Graeme Eaglesham

Personal information
- Date of birth: 30 June 1989 (age 35)
- Place of birth: Ayr, Scotland
- Height: 5 ft 11 in (1.80 m)
- Position(s): Forward

Team information
- Current team: Glenafton Athletic

Senior career*
- Years: Team / Apps / (Gls)
- 2007–2009: Partick Thistle / 2 / (0)
- 2008: → Albion Rovers (loan) / 6 / (0)
- 2010–2011: Queen's Park / 13 / (0)
- 2013–: Glenafton Athletic

= Graeme Eaglesham =

Scottish footballer (born 1989)

Graeme Eaglesham (born 30 June 1989) is a Scottish footballer who has played as a forward in the Scottish Football League for Partick Thistle, Albion Rovers and Queen's Park. He now plays for Scottish Junior Football Association, West Region side Glenafton Athletic.

==Life and career==
Born in Ayr to Gillian and William Eaglesham, he was a pupil at Girvan Academy. He spent time with Ayr United and Hamilton Academical as a youngster, but was released without making an appearance for the first team. He joined Partick Thistle from Maybole Juniors in the summer of 2007 and made his debut in the First Division in April 2008. He spent time on loan at Albion Rovers during the 2008–09 season, making six appearances in the Third Division. Eaglesham made two appearances for Partick.

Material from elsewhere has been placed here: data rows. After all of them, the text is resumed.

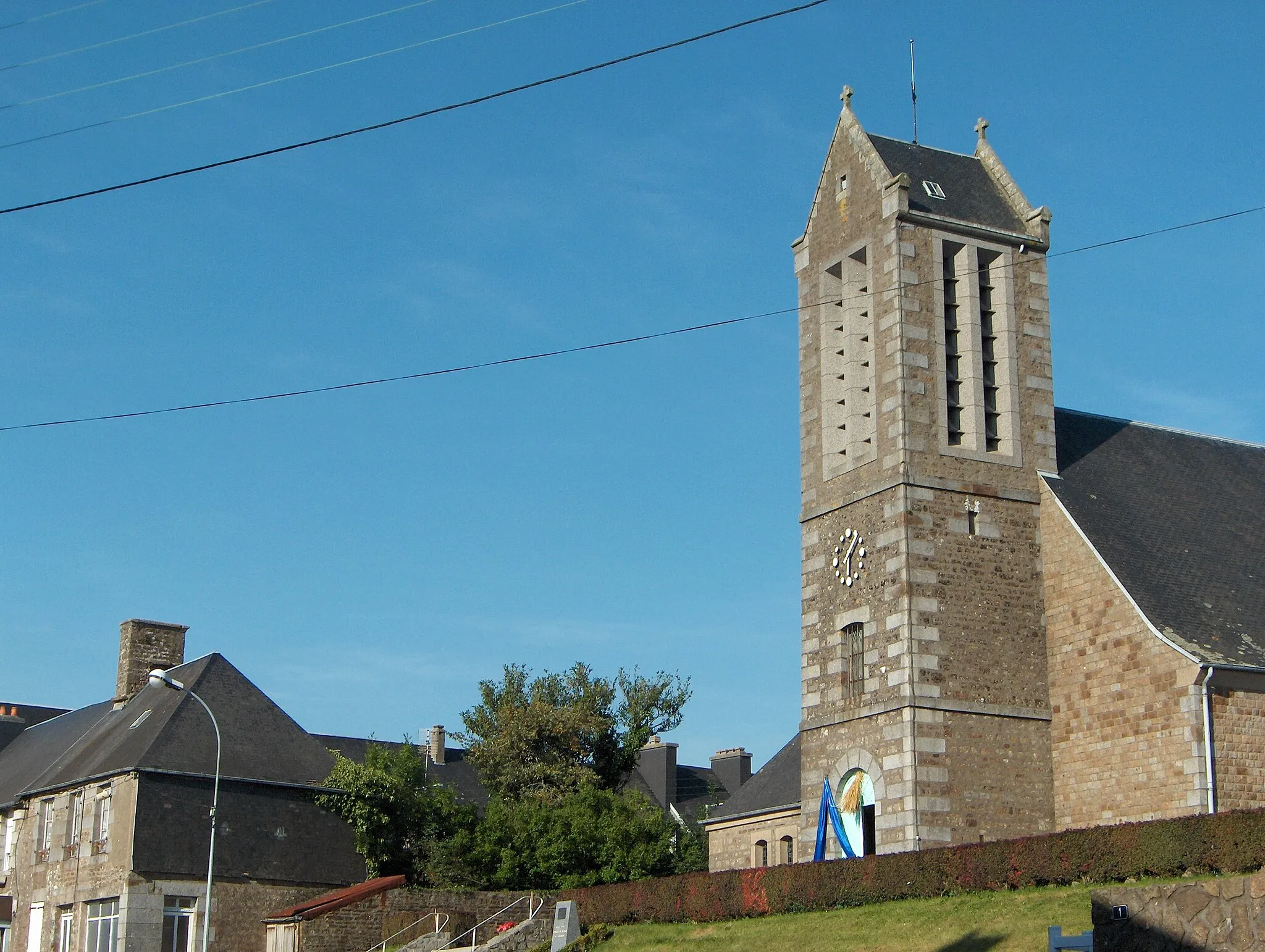 Photo showing: Eglise de Juvigny le Tertre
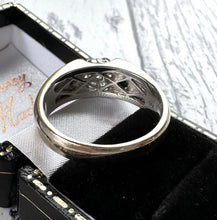Load image into Gallery viewer, Mens Vintage 14ct White Gold & Diamond Ring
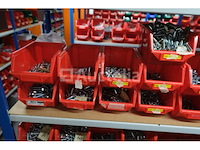 Set van verschillende schroeven en bouten - afbeelding 26 van  43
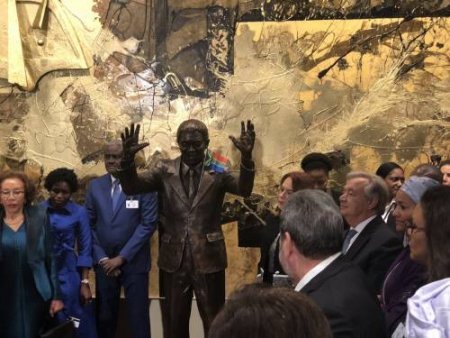 Sahara Reporters-Nelson Mandela Statue UN.jpg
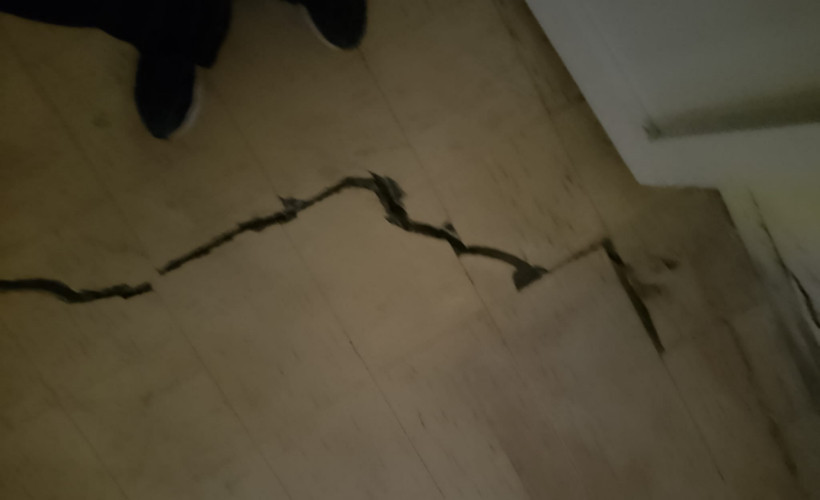 Beykoz'da duvarlarında çatlak oluşan 2 bina tahliye edildi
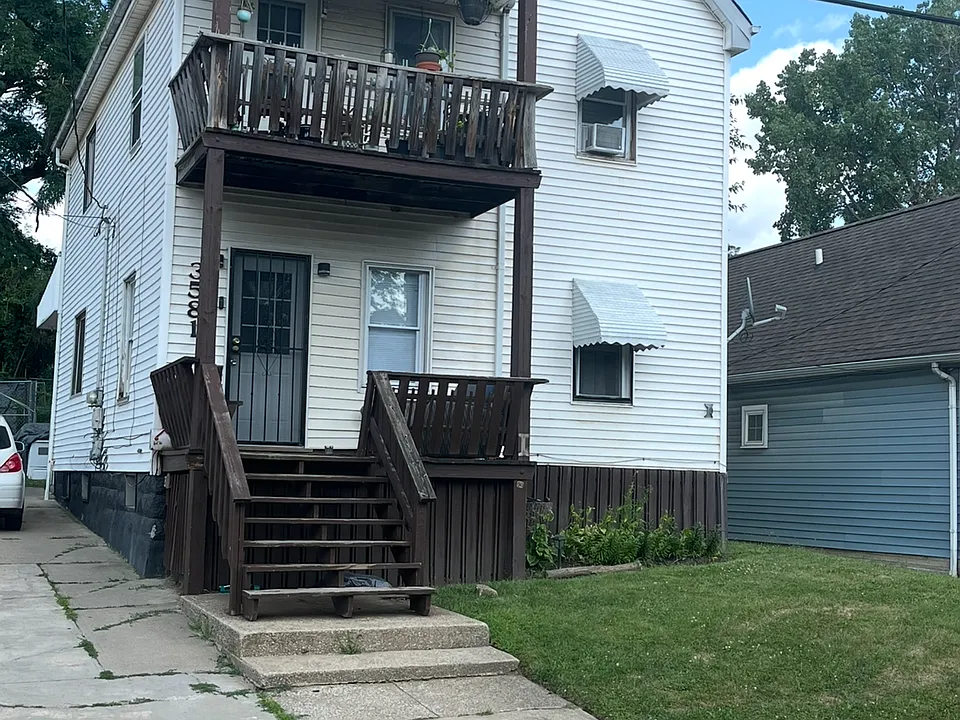 3581 E 76th St #2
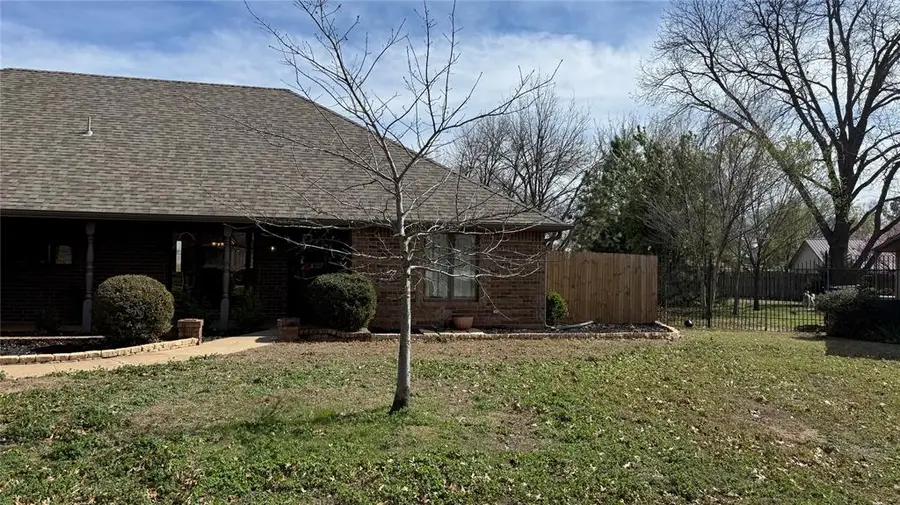 1708 Wilshire Drive, Duncan, OK 73533 - #2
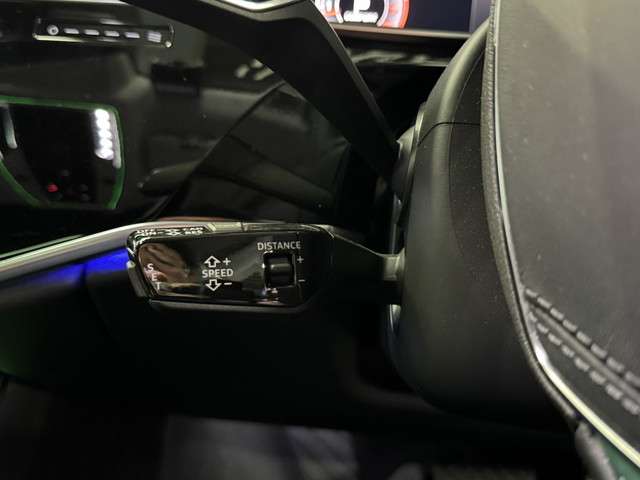 アウディ Ａ８ ５５ ＴＦＳＩ クワトロ ４ＷＤ H30年 (関東) 99
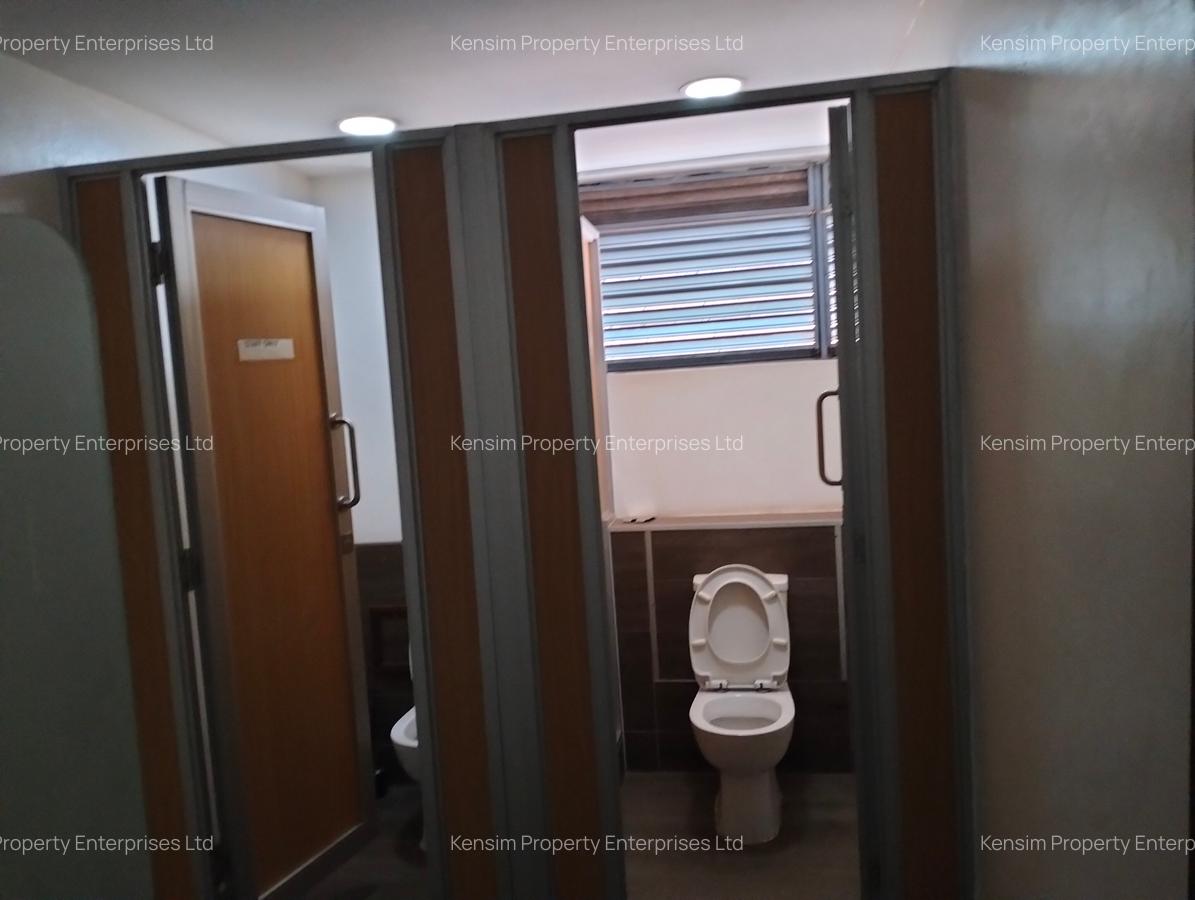 3,600 ft² Commercial Property with Service Charge Included in Westlands Area - 8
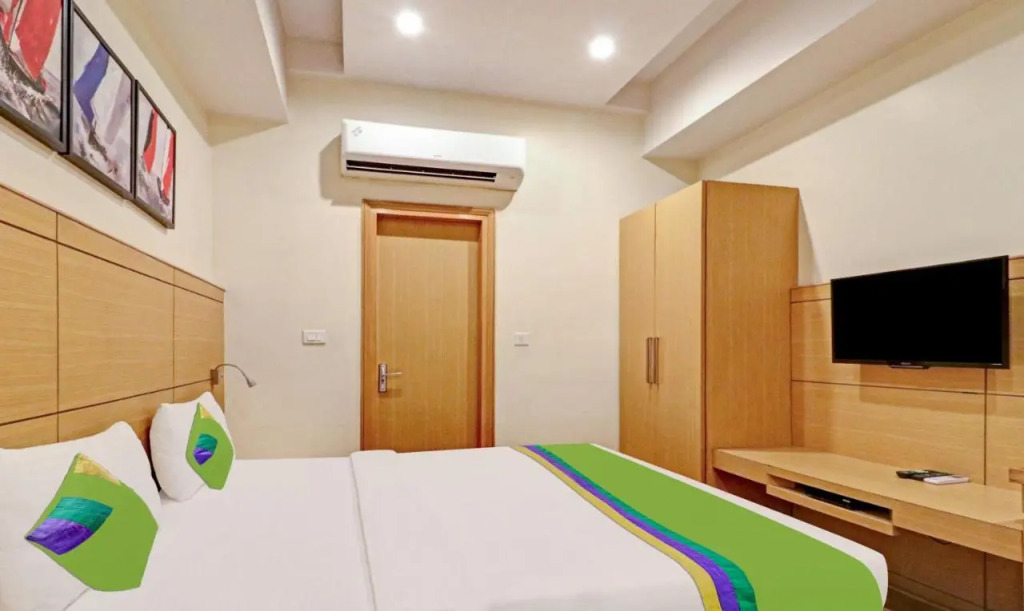Treebo Galaxy Rooms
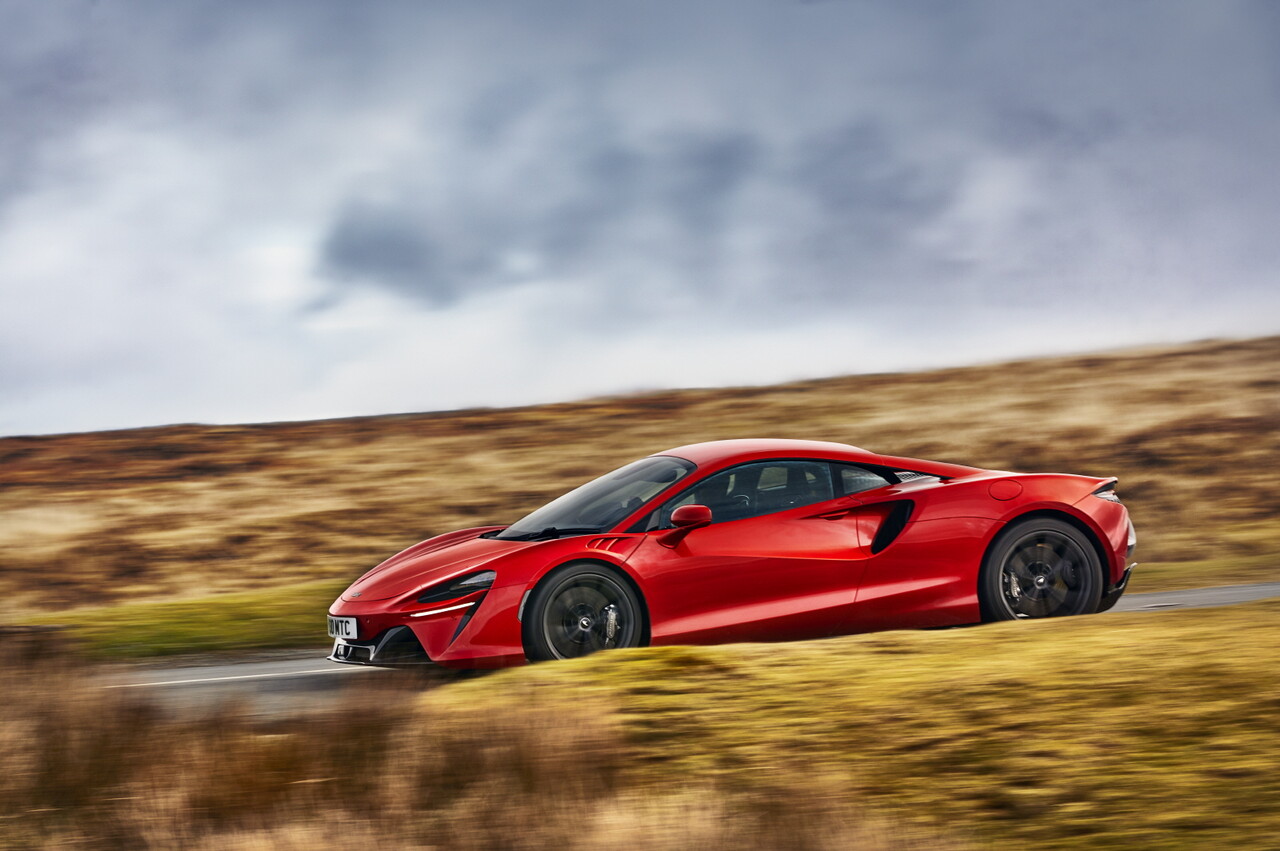 맥라렌, 680마력 하이브리드 슈퍼카 '아투라' 국내 인도 시작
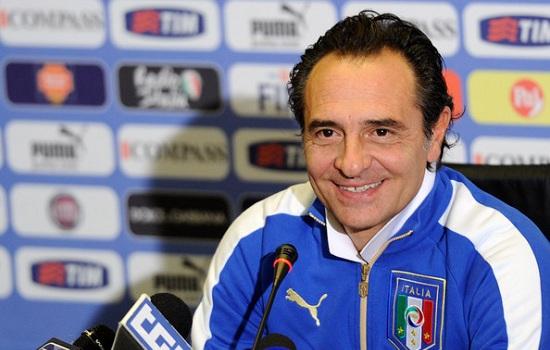 Cesare Prandelli ha parlato a Coverciano all'indomani della vittoria per 3-1 in Armenia
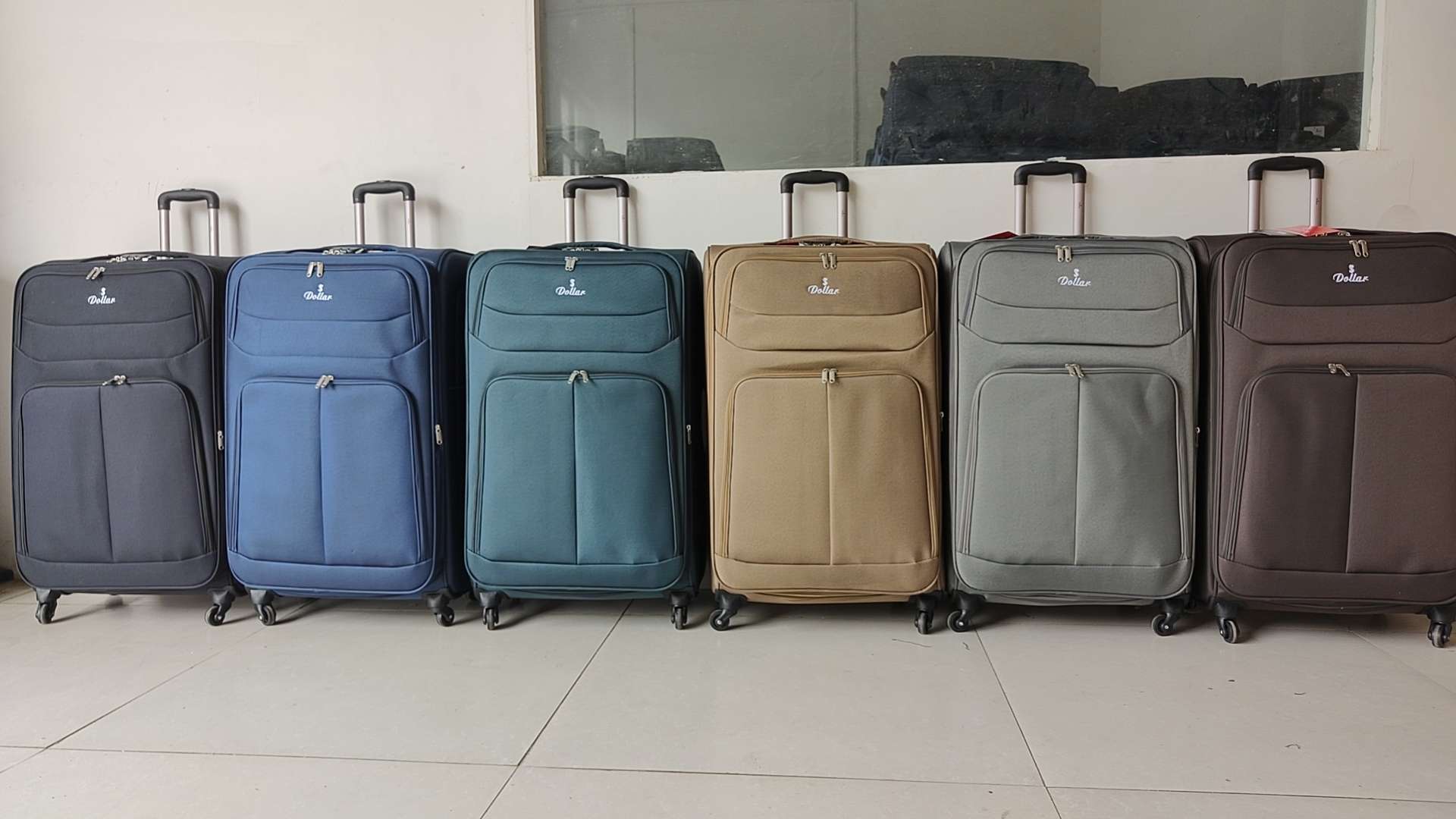 布箱4件套20.24.28.32现货dollar款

He was released in the summer of 2009 and moved to Nebraska in the United States to begin a scholarship at Bellevue University. He returned to Scotland in 2010 and joined Queen's Park. Eaglesham made 13 appearances in the Third Division during the 2010–11 campaign and then went back to Bellevue for a further two seasons. Eaglesham signed a two-year contract with Scottish Junior Football West Premier League side Glenafton Athletic in January 2013.